[Problem requirements]
Every line from the one with "Border 8X14 Ultracloth" through the last line below should be repeated exactly; pictures stay out of the copy.

(Exercise material Opens)

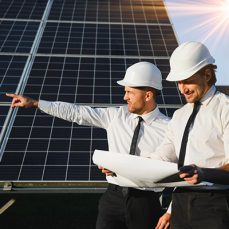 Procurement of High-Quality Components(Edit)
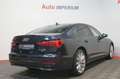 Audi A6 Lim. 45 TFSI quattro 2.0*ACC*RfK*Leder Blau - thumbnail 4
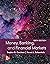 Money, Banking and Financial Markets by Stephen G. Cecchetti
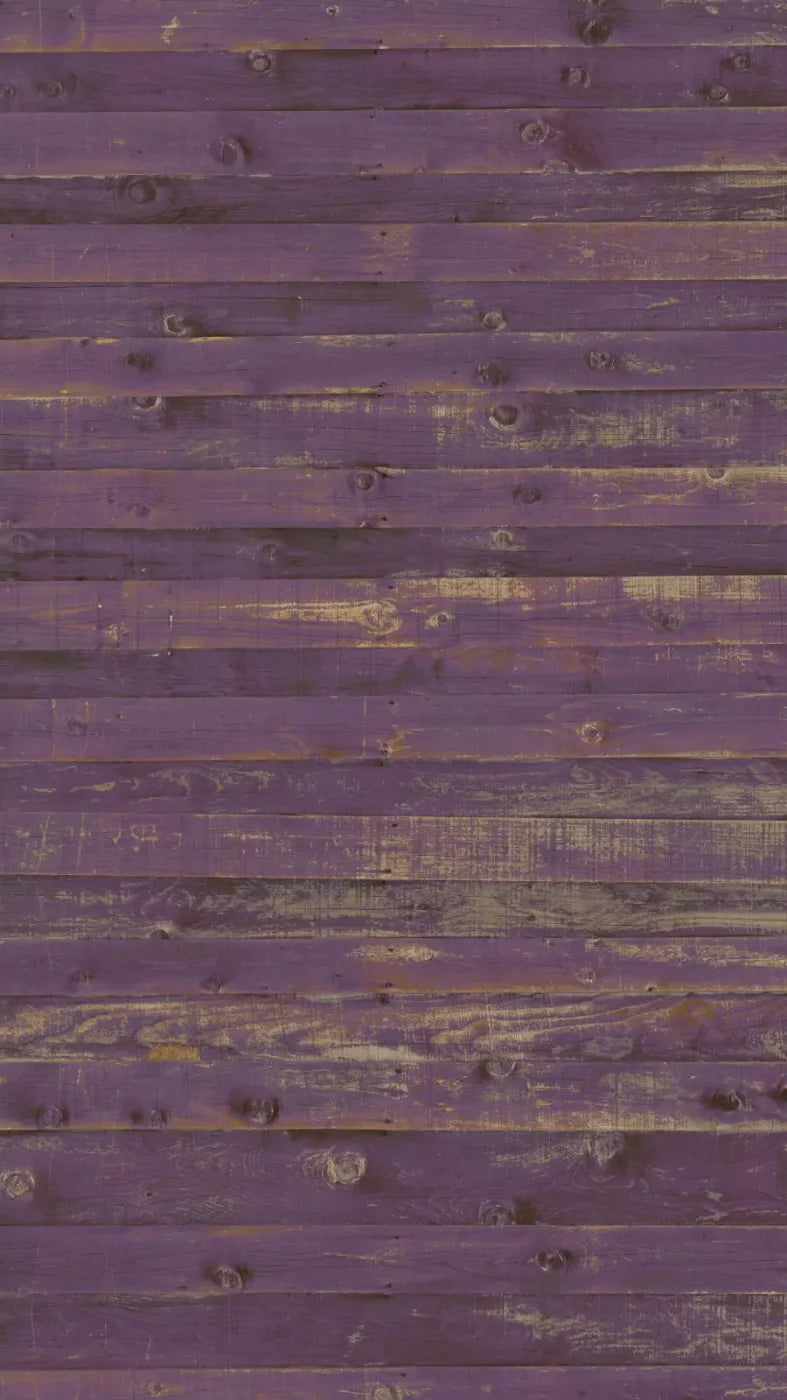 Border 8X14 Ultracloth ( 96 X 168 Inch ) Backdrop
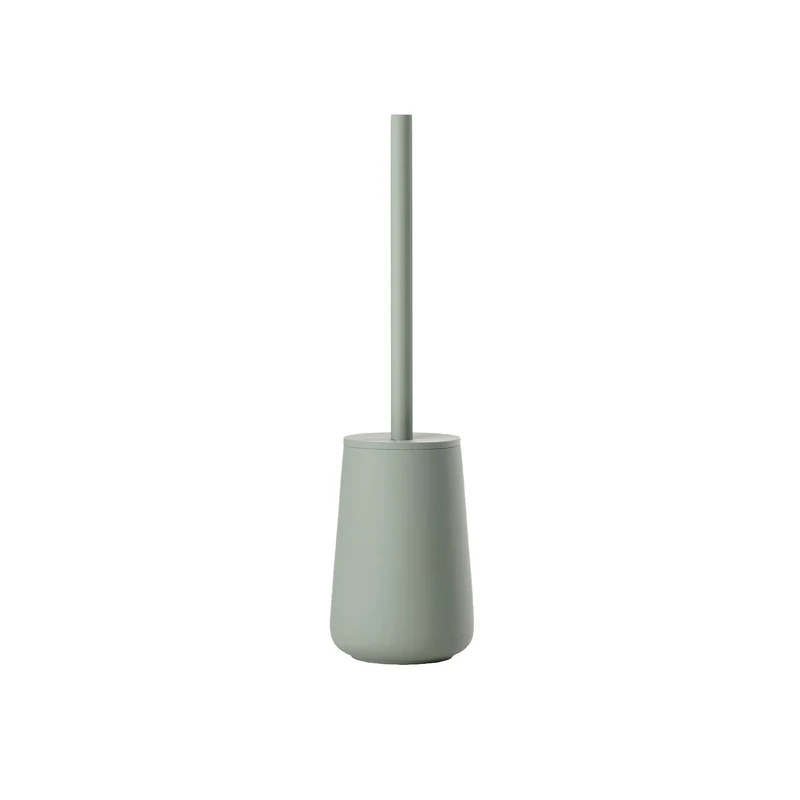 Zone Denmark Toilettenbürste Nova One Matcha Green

(Exercise material Closes)

[Answer box]
 Border 8X14 Ultracloth ( 96 X 168 Inch ) Backdrop
 Zone Denmark Toilettenbürste Nova One Matcha Green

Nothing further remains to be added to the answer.